Recent decades have seen the legacies of colonialism come under increasing scrutiny. In conjunction with the global movement for Black Lives, such discussions have shone a light on the continuing effects of colonialism and racism on societies across the world. A tangible expression of the persistence of colonialism is seen in the monumentality of former imperial capitals. Rome is an intriguing example of this. Until fairly recently, modern Italy’s colonies in Africa and the Aegean had been closely associated with Italy’s Fascist period, which ran from 1922 to 1943. However, Italy gained its first colonies in Africa soon after national unification, several decades before Mussolini’s 1922 March on Rome, and retained possession of a sliver of its East African colony for several years after Mussolini’s deposition. Mussolini exploited the links between Italian imperialism and the ancient Roman Empire, a link facilitated by the history of Roman imperialism in regions colonised by Italy, particularly in North Africa. Yet this was not an innovation of Fascism but had precedent in the rhetoric and practice of liberal Italian imperialism, and indeed in the imperialisms of other European nations. The parallels with ancient Rome drawn by liberal and Fascist Italian imperialism saw the urban landscape of Rome being reshaped by this backwards looking imperial ideology. From looting antiquities from its colonies to adorn the city, to showcasing the ancient imperial heritage of Rome, the Italian empire of the nineteenth and twentieth centuries has left an indelible mark on the city that we encounter today. This is a vibrant area of scholarship that was the subject of a lively and thought-provoking conference held in May 2022 by the Deutsches Historisches Institut in Rom, hosted at the Goethe Institut.
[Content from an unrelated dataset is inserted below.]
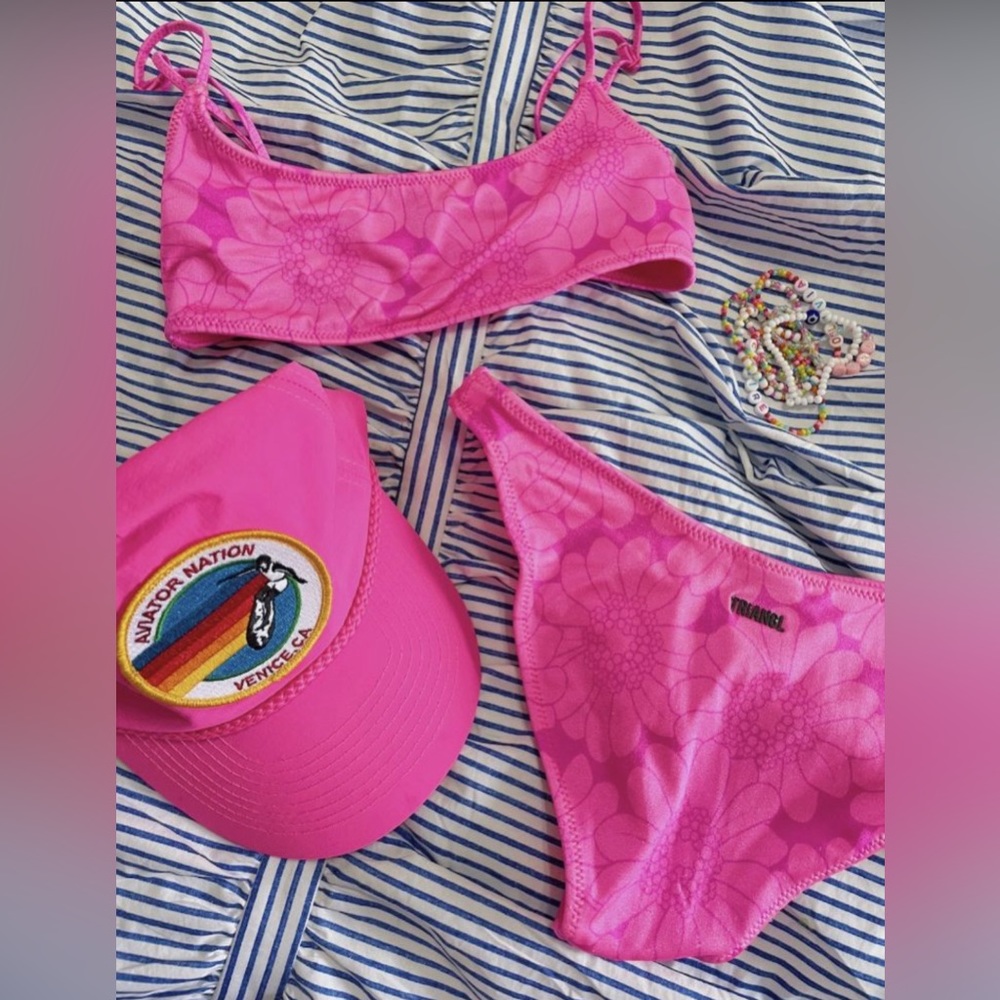 COPY - Tringl mica pitaya floral bikini set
Seeking to capitalise on the groundswell of discussion, I ran a workshop at the British School at Rome on these dual legacies of ancient and modern imperialism in the city of Rome, a topic related to the research I am conducting in Rome. The BSR proved to be a perfect venue for such a discussion. By drawing on the diverse specialisms and practices of the scholars, artists, and architects resident at the school, a well-rounded discussion expanded my rather myopic, classicist’s view of the theme. In addition, the School played an important role in Italian imperialism’s ambition to resurrect Rome’s empire. For example, the BSR was involved in the planning for both the 1911 Mostra Archeologica held in the Baths of Diocletian in Rome, centred on Rome’s overseas provinces and staged in the same year as Italy’s invasion of Libya, as well as the 1938 Mostra Augustea, an exhibition in celebration of the bimillenary of Augustus which posed Augustus as a proto-Fascist and predecessor of Mussolini. As well as this, the deputy director of the BSR between 1909 and 1925, Eugenie Strong, was in close correspondence with many of the classical scholars who were central to the promotion of Roman studies within the context of the city’s imperial revival.
The aim of the workshop was to facilitate discussion around responses to the imperial legacy of the cityscape of Rome. Intimately related to this issue is how to respond to the fact that urban planners, architects, and ideologues working under Fascism played a huge role in shaping the city of Rome as we encounter it today, as explained by scholars such as Aristotle Kallis, Flavia Marcello, and Federico Caprotti among others. Discussion was framed around some guiding questions: how do our fields of research, artistic practice, or personal contexts inform our response to sites and monuments of modern Italian imperial emulation of the Roman Empire? and what productive approaches might there be to such sites and monuments?
Should, for example, the Mussolini Obelisk (pictured) of the Foro Italico, underneath which is a Latin codex narrating Fascism’s first decade in power, translated into English recently by Han Lamers and Bettina Reitz-Joosse, simply remain as it is, a celebratory monument of Fascist triumphalism, complete with its self-narration, there to be rediscovered and read at some distant point in the future? Should such monuments be reframed, as seen in the case of the ‘Genius of Sport’ (also pictured) a statue in Rome’s Eur district? This statue, formerly known as the ‘Genius of Fascism’, with arm aloft in a Roman salute, was renamed and had boxing hand-wraps added for the 1960 Olympics in Rome (my thanks to Ilyas Azouzi for the detail of the boxing wraps). Or should such relics of imperialism and fascism be contextualised either in situ or in a museum, in which case who would be doing the contextualisation and for whom? Can the ideology encoded by such monuments be subverted, or is the best approach simply to destroy them? Needless to say, no clear answers were arrived at by the end of the workshop. This is not, of course, to say that we should not continue to ask these questions and to interrogate the colonial and nationalist foundations of former imperial cities.
My sincere thanks to the British School at Rome for hosting the workshop and to the participants for their fascinating contribution.